1. How much is the planet heating up?
First, we have to decide which temperature set to use. There are several. Do we want raw or adjusted numbers?
Second, we have to decide what to do when values are missing. What method do we use to interpolate the values? What is the uncertainly in those measurement?
Third, we must decide how the average is to be calculated. Do we grid the data? Do we use anomalies from a base period? If so, which base period?
After all these decisions are made, we can give an answer. There will be many different answers, depending on what values are used and methodology is used. Which is correct? All of them and none of them. That is the wonder of statistics. All will most likely be increasing in value or remaining more or less level.
Most of the warming since 1950 is due to humans, according to the article. Why 1950? It has been warming since the 1880s or before at rates similar to after 1950. Suddenly, in 1950 humans jumped in and start to raise the temperature? Mostly, as far as is ascertainable, 1950 is used because it fits the theory. The year 1950 fits the theory and the theory shows 1950 is when warming by humans began. That is called “circular reasoning”–using your conclusion to prove your theory.
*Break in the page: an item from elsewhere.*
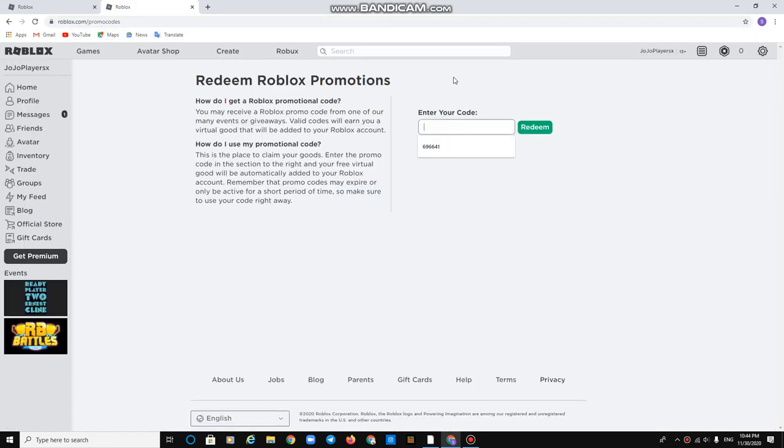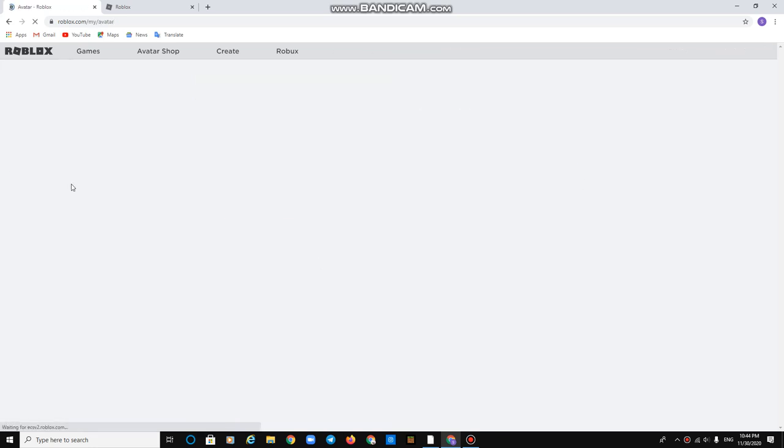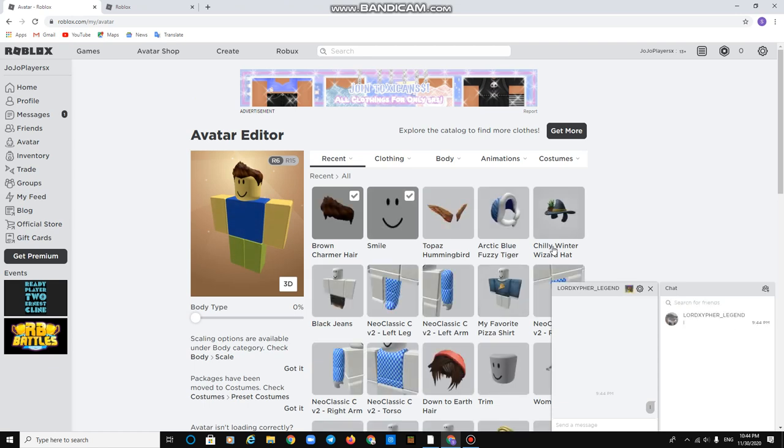Click the Roseman 2N Hat 2020 promo code. As you can see, I got the limited item. Go to Avatar — there you go.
It’s logically invalid. It proves nothing.
2. How much trouble are we in?
None or apocalyptic. It depends entirely on how much faith one puts in the calculations, models and the theory itself. Al Gore made a comment about 4 Hiroshima bombs per second added energy. This would be 2 billion Hiroshima bombs since 1998 if we stop at 2014. One calculation found on the website NoTricksZone shows this amount of energy would raise the temperature of the ocean .024° 1
While Al Gore makes things sound very, very scary, physics says there’s not a reason to panic.
What will the increase mean? No one can say. There’s a lot of “may” “could” “might”. However, when pressed, climate science says it cannot predict local changes. Local changes are what affects people. If those changes are unknown, then we know nothing useful about the future of climate. People live locally, not globally.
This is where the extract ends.